Software

Bioinformatics

ggcaller

graph-gene Caller (ggCaller), combines gene annotation and pangenome clustering steps within population-wide de Bruijn Graphs. Using population-frequency information, ggCaller improves consistency of gene annotations, leading to more accurate clustering and significantly reduced run-times versus linear-genome based annotation and pangenome analysis. ggcaller is written by Sam Horsfield, and in collaboration with Nicholas Croucher.

Download (conda): https://anaconda.org/bioconda/ggcaller
Paper (preprint): https://www.biorxiv.org/content/10.1101/2023.01.24.524926v1
Documentation: https://ggcaller.readthedocs.io
Code: https://github.com/samhorsfield96/ggCaller

SKA (version 2)

Split k-mer analysis (SKA) can be used to produce alignments from closely related sequence assemblies or reads, quickly (because it is alignment-free) and with minimal fuss (due to the interface).
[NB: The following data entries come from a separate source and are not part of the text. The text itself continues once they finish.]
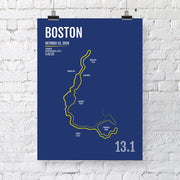 Boston Half Marathon Map Print - Personalized for 2019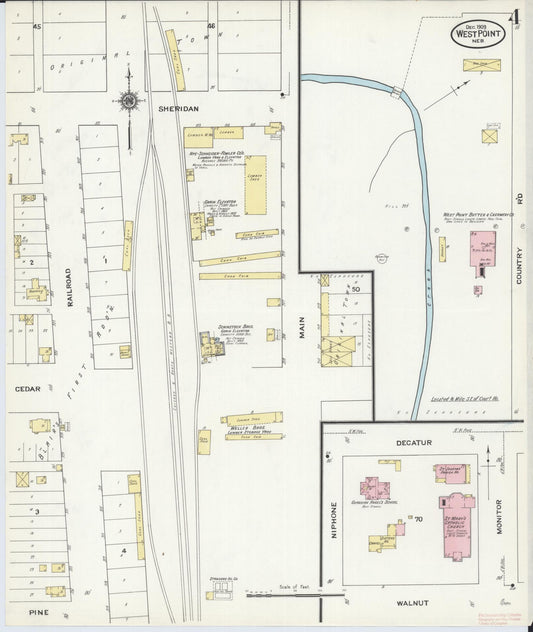 Sanborn Fire Insurance Map from West Point, Cuming County, Nebraska (1909), Sheet #0004 - Historic Sanborn Fire Insurance Map Print, vintage old map wall art, antique decor, genealogy gift, Nebraska Nebraska map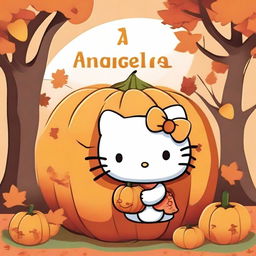 A cute Hello Kitty character emerging from a carved pumpkin, with the name 'Angela' written on the pumpkin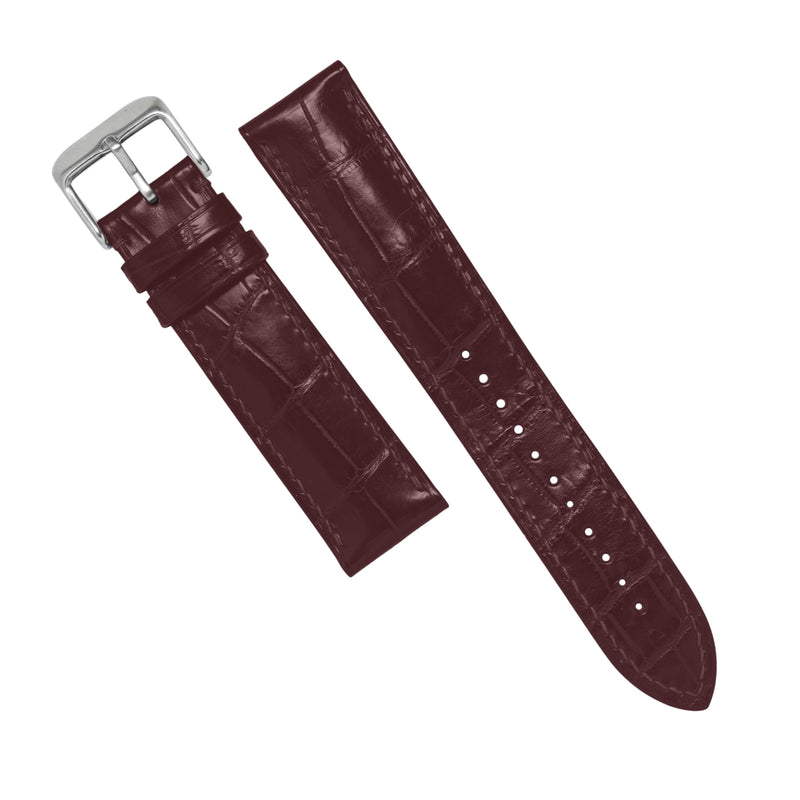 MTO Crocodile Leather Watch Strap in Burgundy (Non-Glossy)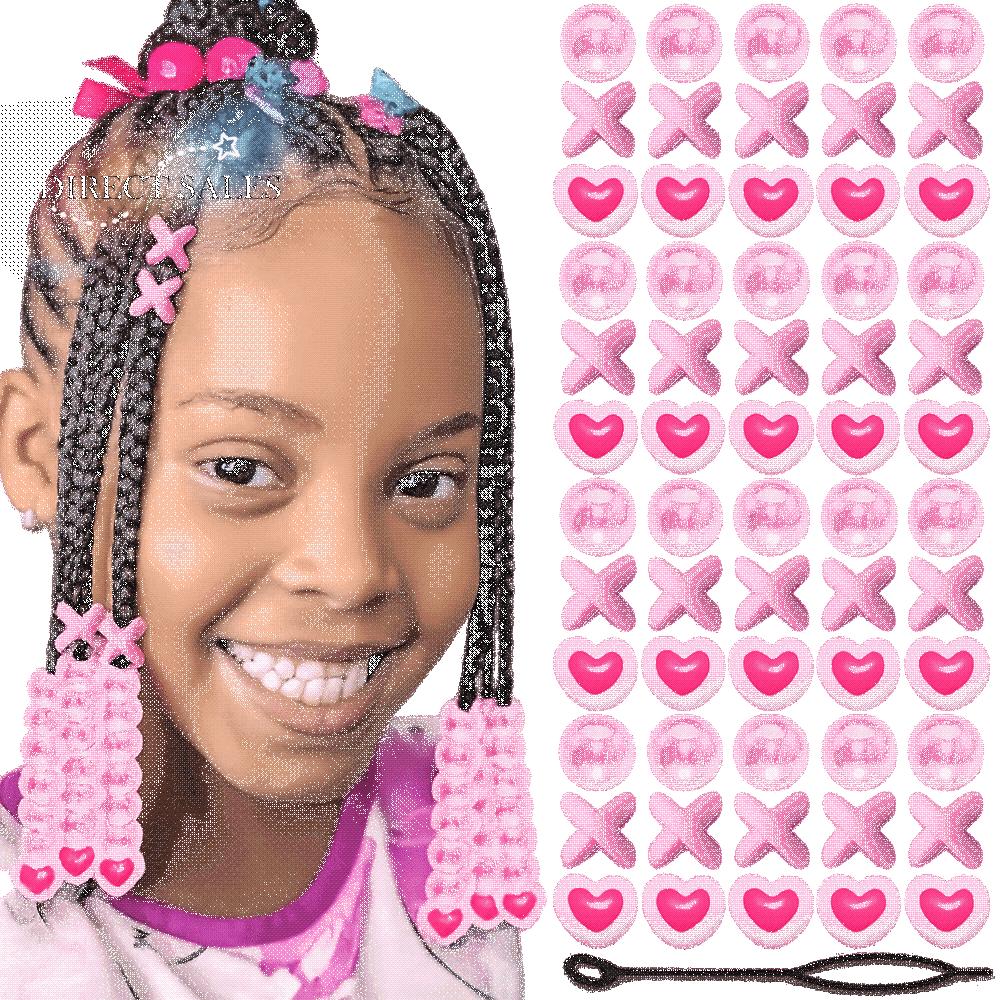 DIY Colorful Hair Beads Kits Multi-Color Love Heart Acrylic Dreadlock Beads Mixed Shapes Hair Accessories Dreadlock Braids Decor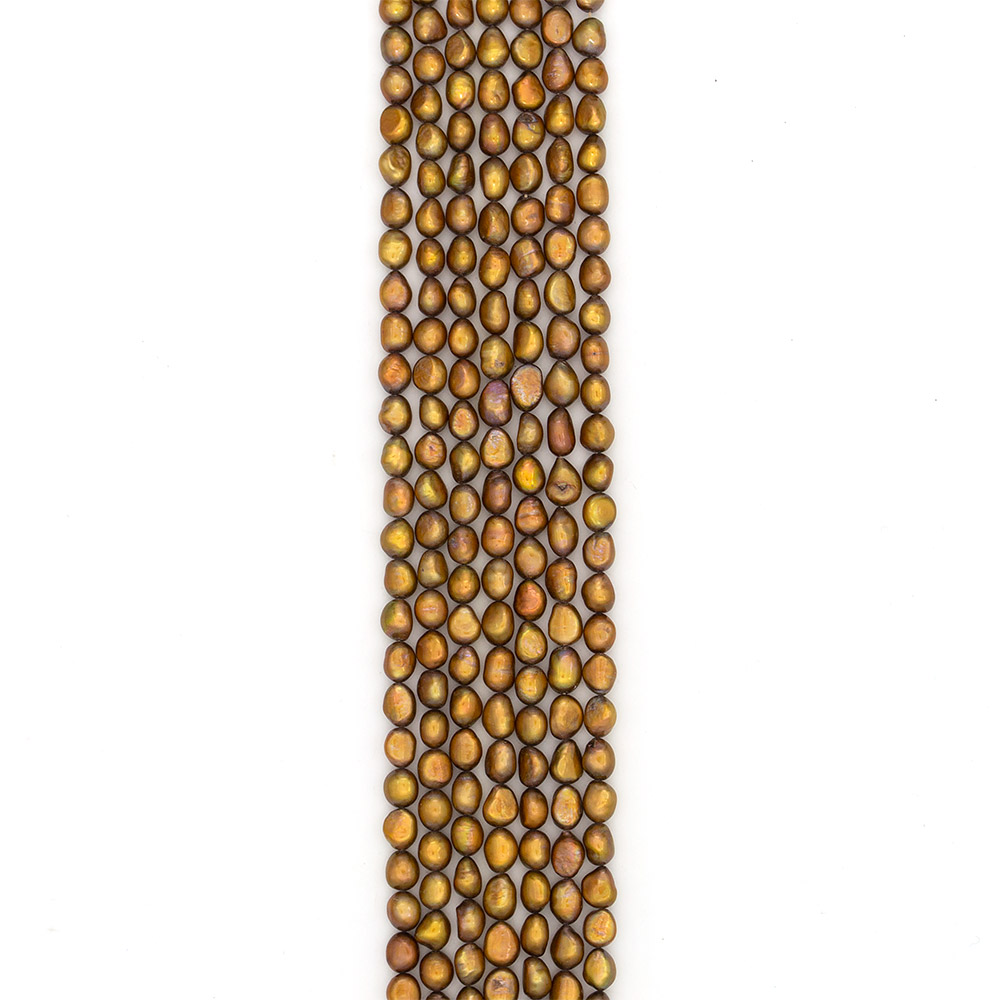 Фото товара жемчуг коричнево-зеленый "рис" 9*7 мм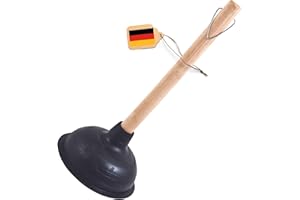 Novaliv Ventouse de 140 mm de diamètre - Ventouse WC avec manche en bois - Diamètre : 14,5 cm - Idéal comme bonde pour bonde bouchée Pumpfix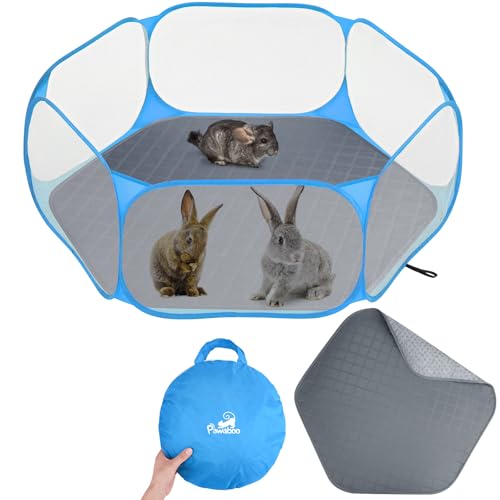 Pawaboo Small Animals Playpen with Pad, Blue+Gray | Waterproof, Reusable Pad, Portable Outdoor Yard Fence, For Chick/Kitten/Puppy/Guinea Pig/Rabbits/Chinchillas - color: Blue+Gray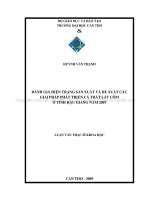 đánh giá hiện trạng sản xuất và đề xuất các giải pháp phát triển cá thát lát còm ở tỉnh hậu giang năm 2007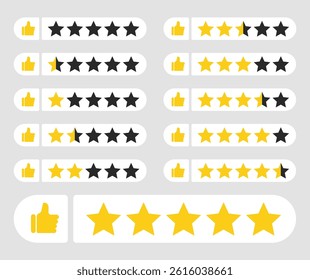 Five stars icon Vector. Star rate icons set. Stars rating review icon.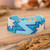 Pulsera de cuentas - Pulsera de pulsera con cuentas de vidrio azul cielo con motivos de estrella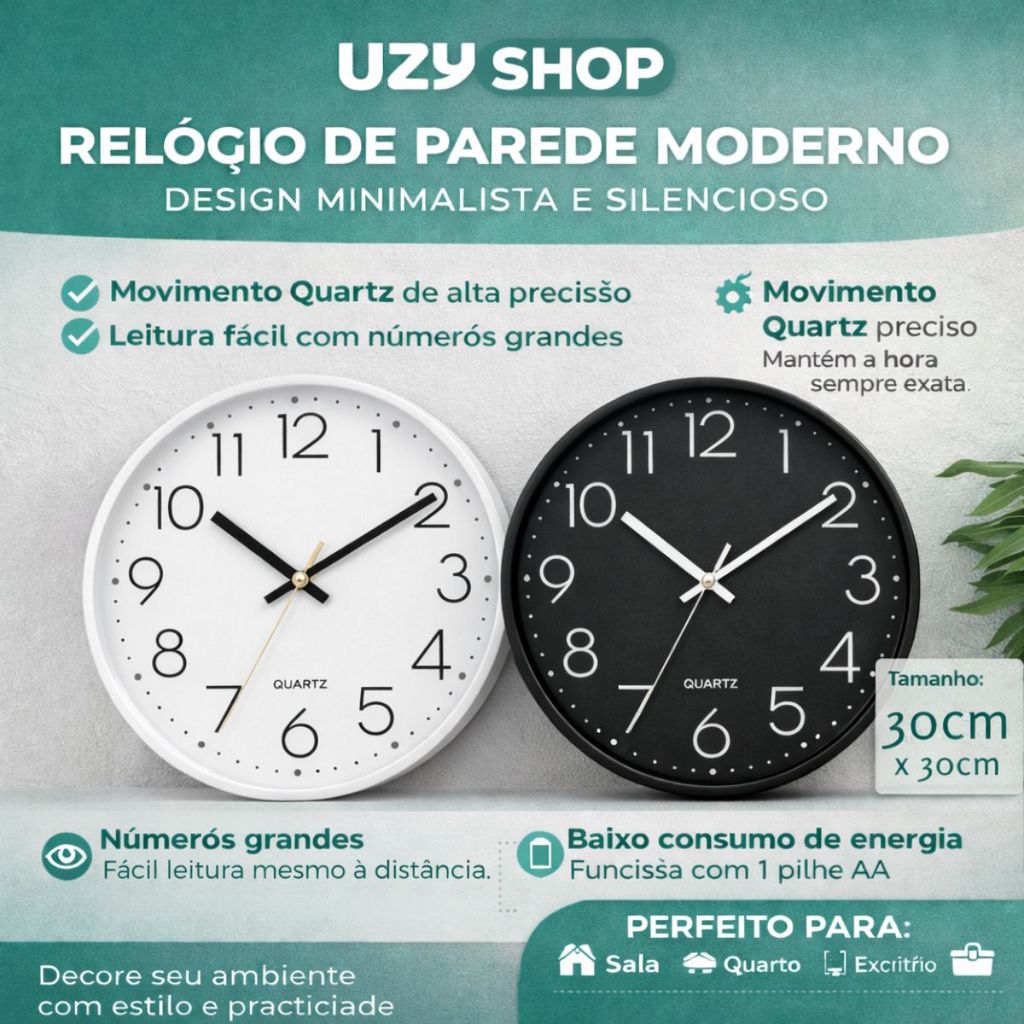 Relógio de Parede 30cm Quartz Números Grandes Minimalista Silencioso Mecanismo Sem Barulho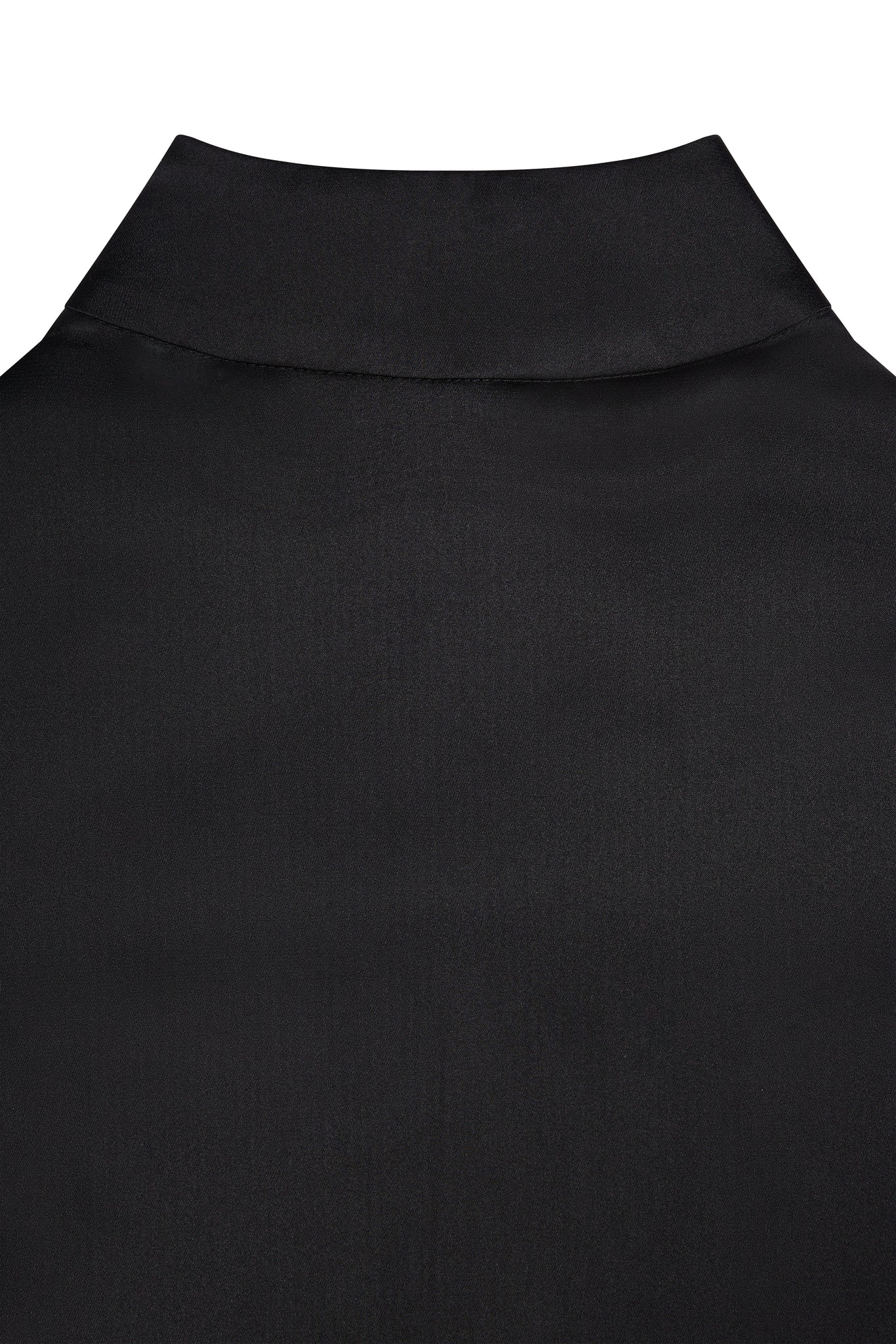 Carmen High Neck Blouse (Black Satin)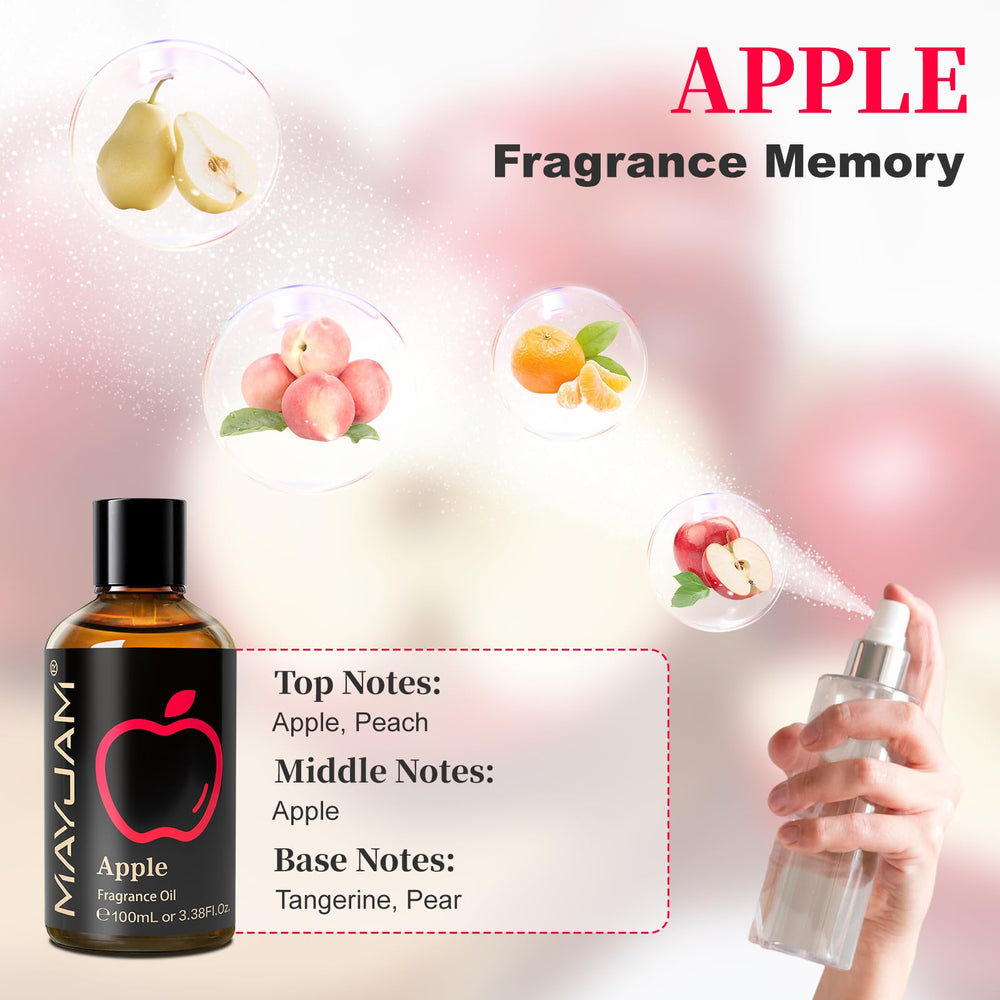 MAYJAM oil being added to a diffuser to quickly freshen a living room with apple aroma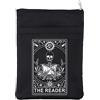 BAUNA The Reader Book Sleeve Tarocchi Card Reader Inspired Book Cover Bookish regalo per gli amanti dei libri regalo lettura regalo gotico romantico regalo scheletro cerniera sacchetto (BL Reader BM)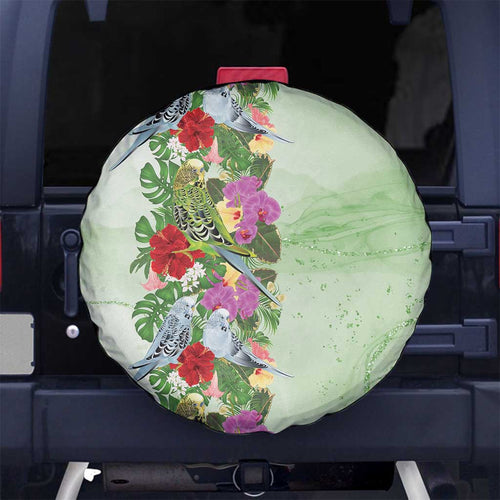 Aussie Budgies Blue And Green Tropical Birds Spare Tire Cover - Aussie Hoodie
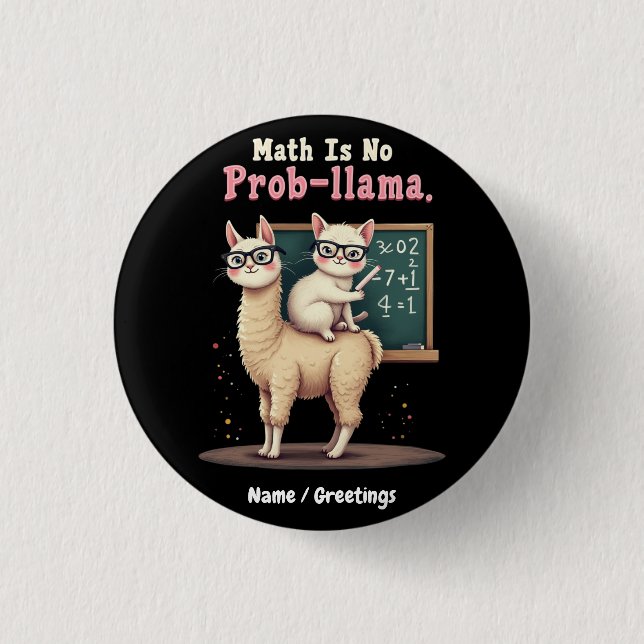 Matematik är ingen prob-llama-Roligt och Cute Math Knapp (Framsida)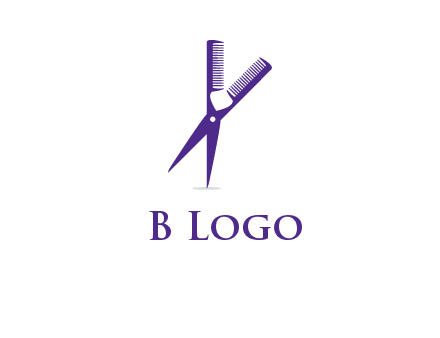 comb and scissors barber logo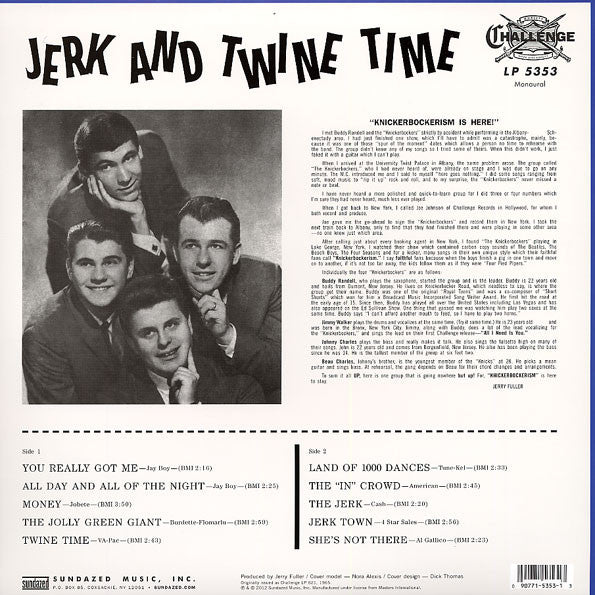 KNICKERBOCKERS (ニッカーボッカーズ) - Jerk and Twine Time (US Sundazed Ltd.Reissue Mono LP/廃盤 New)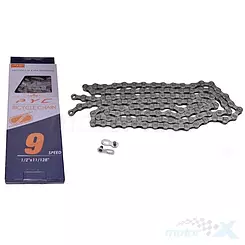 Fahrradkette ohne Verschluss, Fahrrad, 9-Gang, 116 Glieder, dunkel silber P9002 1/2"x11/128"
This enables downstream analysis such as phylogenetics or sequence completeness. In collaboration with Simon Harris.

Download (cargo): https://crates.io/crates/ska
Download (conda): https://anaconda.org/bioconda/ska
Documentation: https://docs.rs/ska/latest
Code: https://github.com/bacpop/ska.rust

pp-sketchlib

Library of sketching functions used to rapidly calculate core and accessory distances between bacterial genomes. Designed as a faster drop-in back-end for PopPUNK, you can also use to replace mash (100x speedup, further 50x with GPUs).

Download (conda): https://anaconda.org/bioconda/pp-sketchlib
Code: https://github.com/bacpop/pp-sketchlib

sketchlib.rust (beta)

A rust rewrite of pp-sketchlib particularly targeted at very large datasets by using a new file format. To find nearest neighbours or perform subset queries, this code is an improvement over pp-sketchlib.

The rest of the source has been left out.